Single by Bell Biv DeVoe

from the album Poison
- Released: June 10, 1990
- Genre: New jack swing
- Length: 4:33
- Label: MCA
- Songwriters: Ricky Bell; Michael Bivins; Carl Bourelly; Ronnie DeVoe; Busta Rhymes;
- Producer: Carl Bourelly

Bell Biv DeVoe singles chronology
| "Poison" (1990) | "Do Me!" (1990) | "B.B.D. (I Thought It Was Me)?" (1990) |

= Do Me! =

1990 single by Bell Biv DeVoe

"Do Me!" is a song by American musical group Bell Biv DeVoe. The song was released in 1990 as the second single from the group's debut album, Poison (1990). A remix is included on the group's WBBD-Bootcity!: The Remix Album, released in 1991. "Do Me!" peaked at number three on the US Billboard Hot 100 chart and number eight in New Zealand while also charting in Australia, Canada, and the United Kingdom.

==Composition==
According to Billboard, the song is about sex. According to Ricky Bell, Busta Rhymes wrote the "backstage underage adolescent" lyric from the rap section of the song, performed by Michael Bivins.

==Release and reception==
In June 1990, "Do Me!" entered the US Billboard Hot 100 singles chart at number 92. In September, the song reached number three, tying previous single "Poison" as Bell Biv DeVoe's biggest hit on the Hot 100. Both songs remained on the chart for 22 weeks. Elsewhere, the single peaked at number four on the Hot Black Singles chart and number six on the Hot Dance Club Songs chart.

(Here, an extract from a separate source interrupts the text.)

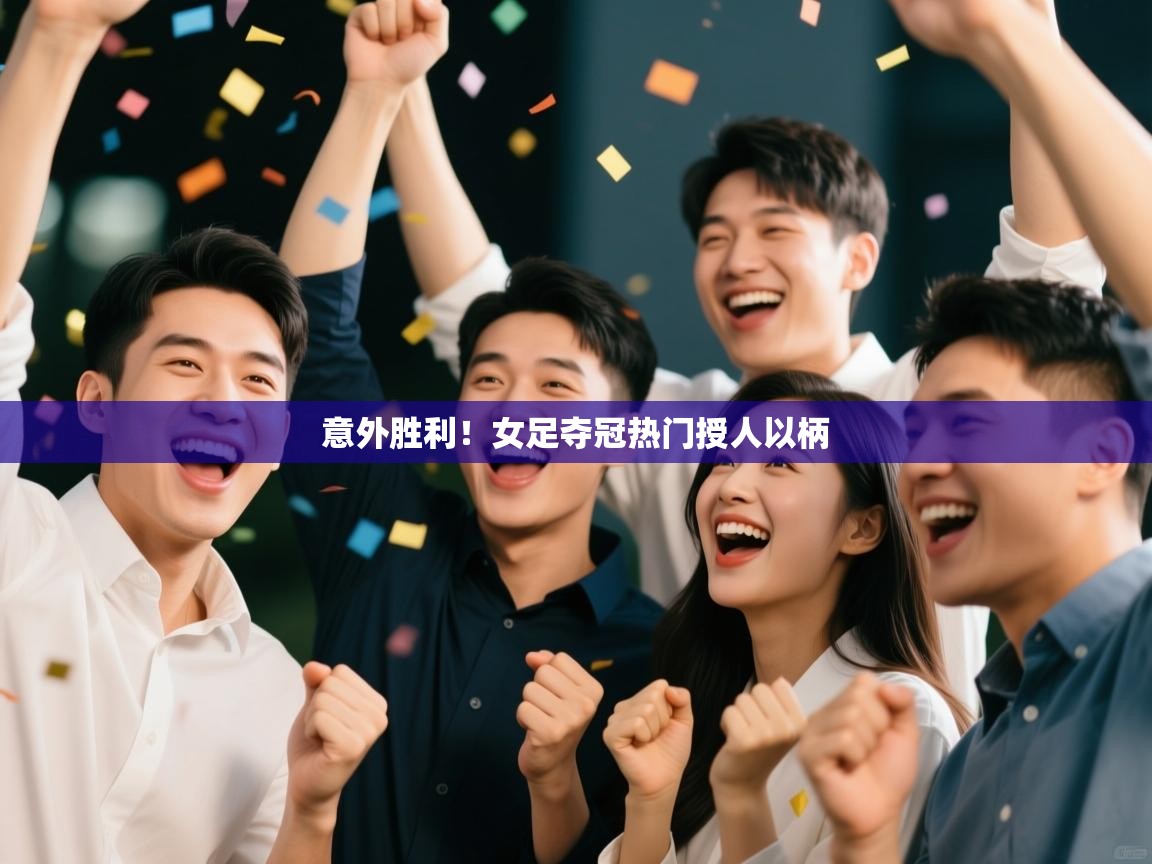 意外胜利！女足夺冠热门授人以柄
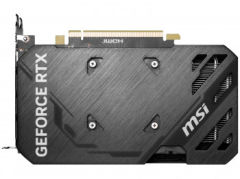 MSI GEFORCE RTX 4060 Ti VENTUS 2X BLACK 8G OC GDDR6 8GB GDDR6 DP HDMI 128Bit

The song ranked at number 11 on the Billboard Year-End chart for 1990.

==Legacy==
Davitt Sigerson called the song a "landmark in priapic obsession," and added, "If the true spirit of the male love jones could speak, its words would be B.B.D.'s: 'Slap it up, flip it, rub it down, oh no!'"

==Track listings==
- 7-inch vinyl (US, UK)
1. "Do Me!" – 4:33
2. "Do Me!" (instrumental) – 4:33

- 12-inch vinyl (US)
3. "Do Me!" (Mentality Hip Hop remix) – 8:53
4. "Do Me!" (East Coast Mental mix) – 5:37
5. "Do Me!" (Smoothed Out version) – 3:15

- CD maxi single (US)
6. "Do Me!" (Mentality Hip Hop remix) – 8:53
7. "Do Me!" (East Coast Mental mix) – 5:37
8. "Do Me!" (Smoothed Out version) – 3:15
9. "Do Me!" (Mental mix) – 6:17

==Charts==

===Weekly charts===

| Chart (1990) | Peak position |
|---|---|
| Australia (ARIA) | 60 |
| Canada Top Singles (RPM) | 61 |
| Canada Dance/Urban (RPM) | 3 |
| New Zealand (Recorded Music NZ) | 8 |
| UK Singles (Official Charts) | 56 |
| US Billboard Hot 100 | 3 |
| US Dance Club Songs (Billboard) | 6 |
| US Dance Singles Sales (Billboard) | 2 |
| US Hot R&B/Hip-Hop Songs (Billboard) | 4 |
| US Cash Box Top 100 | 5 |

===Year-end charts===

| Chart (1990) | Position |
|---|---|
| Canada Dance/Urban (RPM) | 49 |
| New Zealand (RIANZ) | 38 |
| US Billboard Hot 100 | 11 |
| US 12-inch Singles Sales (Billboard) | 22 |
| US Hot R&B Singles (Billboard) | 24 |
| US Cash Box Top 100 | 38 |

==Release history==

| Region | Date | Format(s) | Label(s) | Ref. |
| United States | June 10, 1990 | 7-inch vinyl; 12-inch vinyl; CD; cassette; | MCA | ^{[citation needed]} |
| Japan | July 25, 1990 | Mini-CD |  |
| Australia | August 20, 1990 | 7-inch vinyl; 12-inch vinyl; cassette; |  |
| United Kingdom | September 10, 1990 | 7-inch vinyl; 12-inch vinyl; CD; cassette; |  |
| September 17, 1990 | 12-inch remix vinyl |  |
| Australia | October 8, 1990 | CD |  |

==In popular culture==

"Do Me!" was featured during a scene in the 2002 romantic comedy film 40 Days and 40 Nights and a second season episode of the television series Pose. A parody of the song by cover band and comedy act Richard Cheese and Lounge Against the Machine appears on their 2005 album Aperitif for Destruction. The song was covered by "Weird Al" Yankovic for his polka medley "Polka Your Eyes Out" from his 1992 album Off the Deep End. TV star Jensen Ackles sang this song in the season three gag reel of Supernatural.